MATERIAL FOR THE TASK
========================

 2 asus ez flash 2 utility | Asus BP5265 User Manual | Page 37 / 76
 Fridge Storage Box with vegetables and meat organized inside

========================

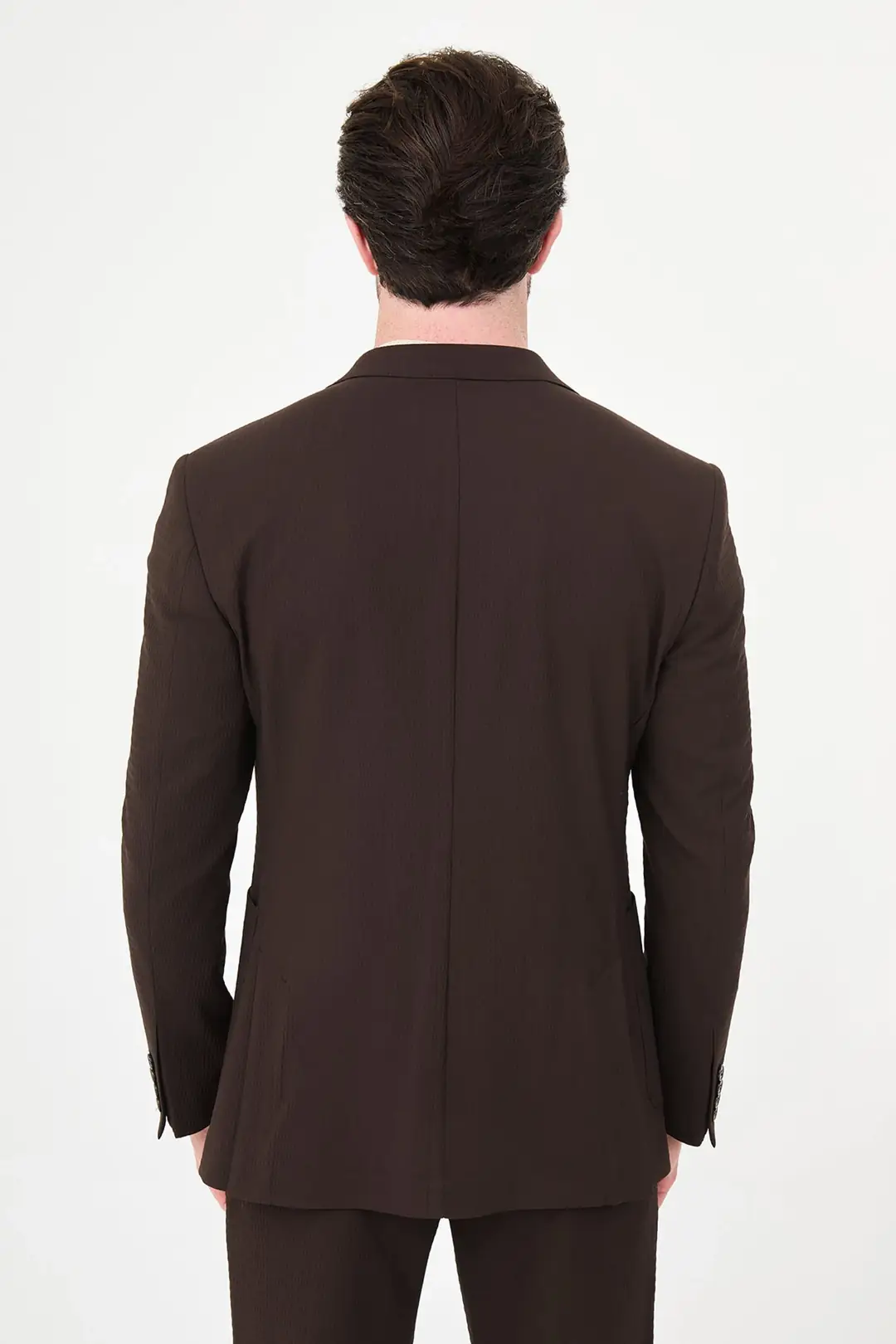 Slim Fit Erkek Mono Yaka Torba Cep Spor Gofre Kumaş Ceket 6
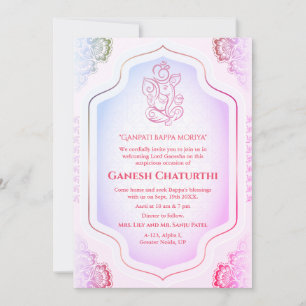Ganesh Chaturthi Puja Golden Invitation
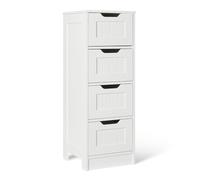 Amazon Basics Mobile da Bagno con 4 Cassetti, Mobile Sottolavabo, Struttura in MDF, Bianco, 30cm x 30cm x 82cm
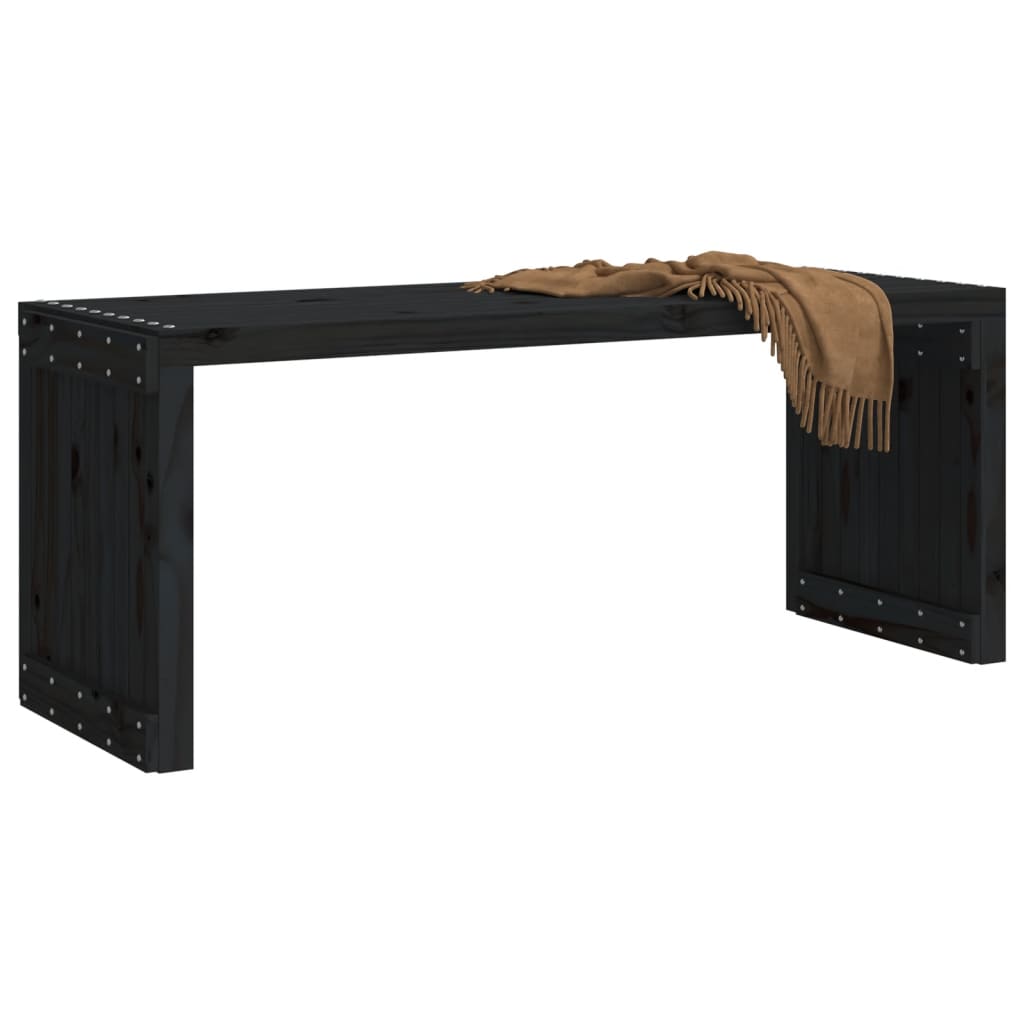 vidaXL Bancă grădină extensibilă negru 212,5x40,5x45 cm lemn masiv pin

========================

DIRECTIONS FOR THIS TASK
Begin at the line in the entries above that has "Amazon Basics Mobile", stop after the line that has "vidaXL Bancă grădină", and output exactly those lines without pictures.

COMPLETED TASK
 Amazon Basics Mobile da Bagno con 4 Cassetti, Mobile Sottolavabo, Struttura in MDF, Bianco, 30cm x 30cm x 82cm
 vidaXL Bancă grădină extensibilă negru 212,5x40,5x45 cm lemn masiv pin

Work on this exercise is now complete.